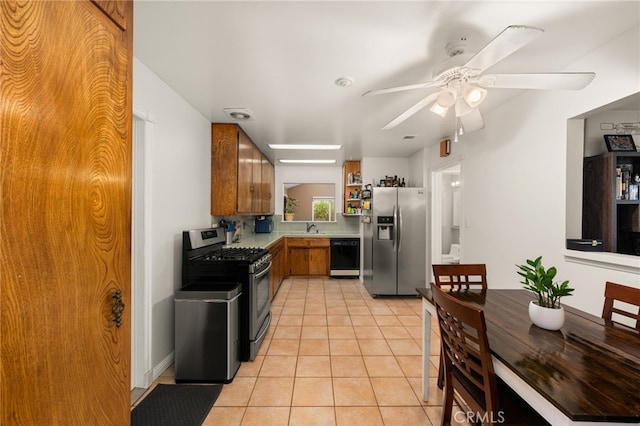 8757 San Vicente Ave, Riverside, CA 92503 - kitchen featuring appliances with stainless steel finishes, a sink, light tile patterned flooring, brown cabinets, and a ceiling fan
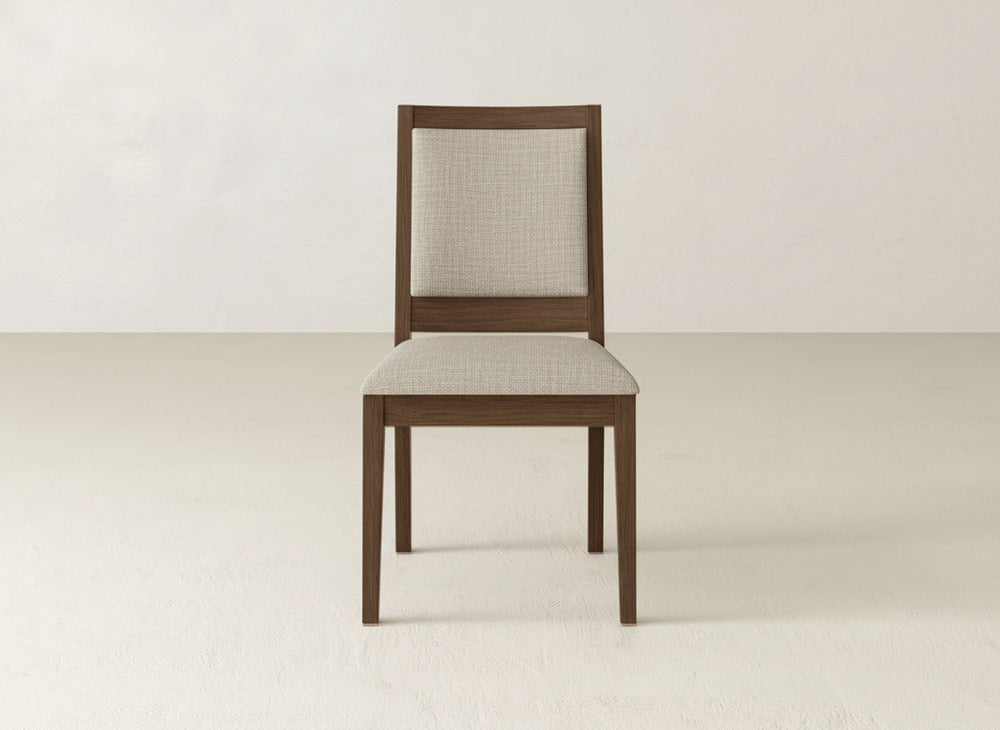 The Gina Side Dining Chair by James+James features a maple wood frame with a light beige upholstered seat and backrest, shown on a plain light floor against a neutral wall.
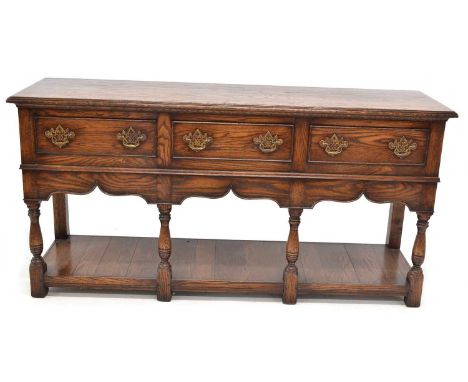 Late 20th-century reproduction Montgomeryshire design oak dresser base, three drawers with fretwork brass handles, four balus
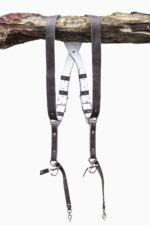 Grey goose vintage leather dual camera harness hanging from a rustic wooden branch against a white background, showing the full front view with two shoulder straps, a white leather back panel with leather keepers, adjustable silver buckles, riveted construction, and snap shackle clips with lobster claw clasps at each end.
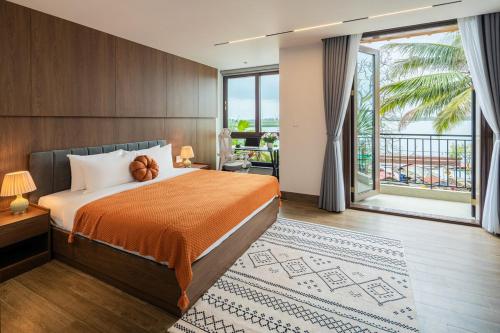 a hotel room with a bed and a large window at Mai Villa Hoi An - 3 steps to Night Market in Hoi An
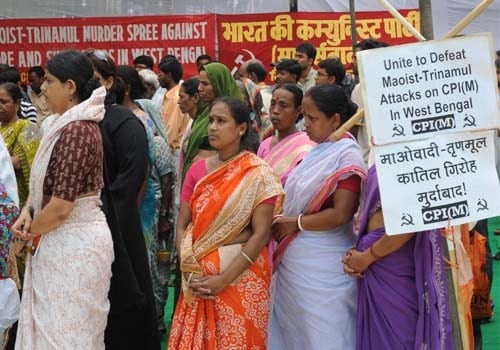 <b>As we plead for peace:</b> Activists of the Communist Party of India-Marxist (CPM) pray for their cadres killed by alleged Maoists in the West Midnapore 

district in West Bengal, during a protest in New Delhi. 

The protestors called on the government to immediately send paramilitary forces to the area to stop clashes between tribal villagers and police.(AFP)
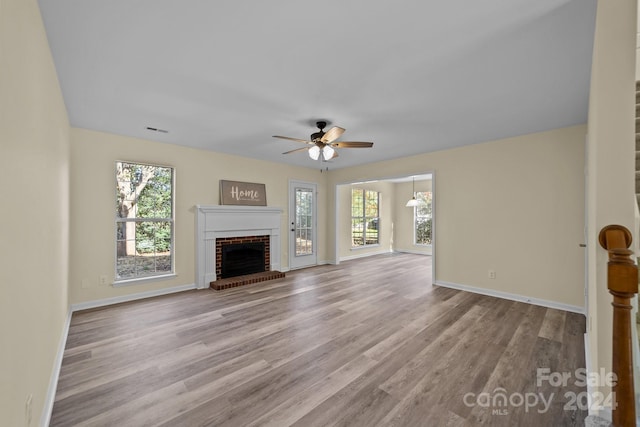 unfurnished living room with ceiling fan, light hardwood / wood-style floors, and a fireplace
____________________
■ What the exercise asks
Out of the records above, set down only the lines from the one that contains "<b>As we plead" through the one that contains "district in West", unchanged and without the pictures.

■ Result
 <b>As we plead for peace:</b> Activists of the Communist Party of India-Marxist (CPM) pray for their cadres killed by alleged Maoists in the West Midnapore 

district in West Bengal, during a protest in New Delhi. 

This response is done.